> [GIVEN DATA]
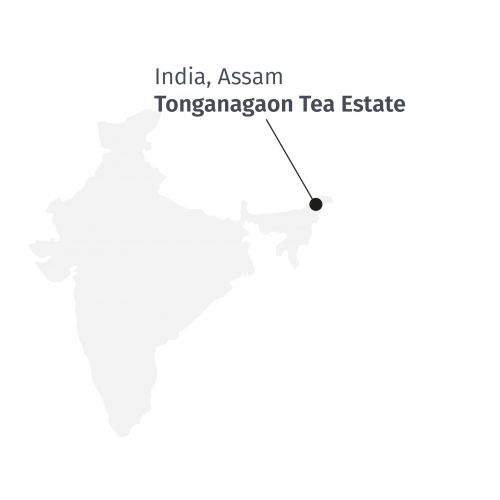 Tè Nero Assam Tonganagaon Indiano - Profumi di Tè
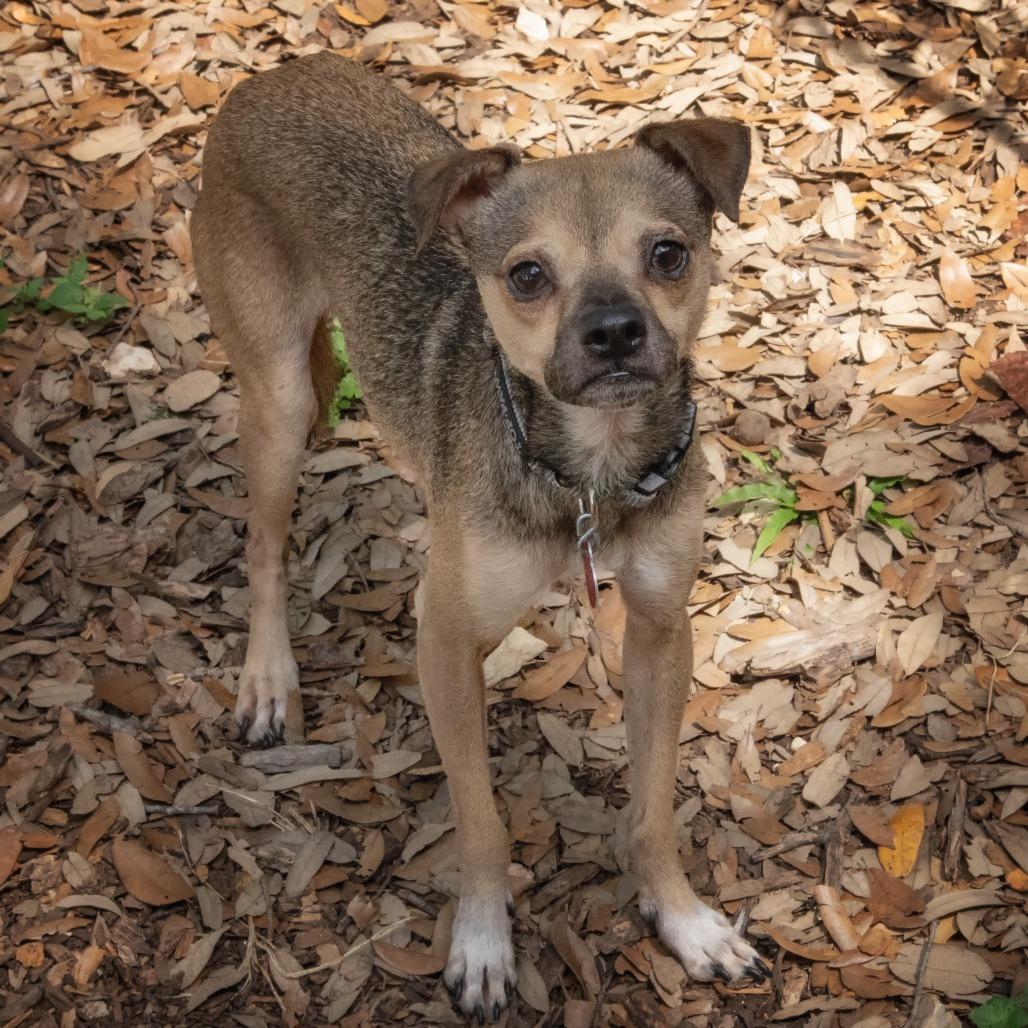 Jax, a Adoptable mixed breed in Wimberley, TX image 1/6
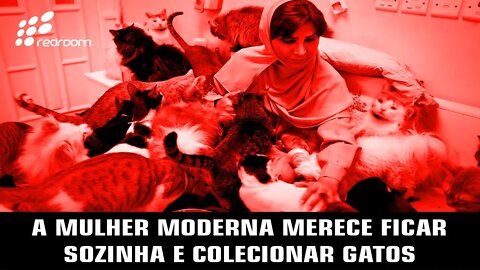 A MULHER MODERNA MERECE FICAR SOZINHA E COLECIONAR GATOS (RACCOONING RACCOON)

> [HOW TO COMPLETE THIS TASK] Please give the data again unaltered, leaving out any images.

> [EXERCISE ANSWER]
 Tè Nero Assam Tonganagaon Indiano - Profumi di Tè
 Jax, a Adoptable mixed breed in Wimberley, TX image 1/6
 A MULHER MODERNA MERECE FICAR SOZINHA E COLECIONAR GATOS (RACCOONING RACCOON)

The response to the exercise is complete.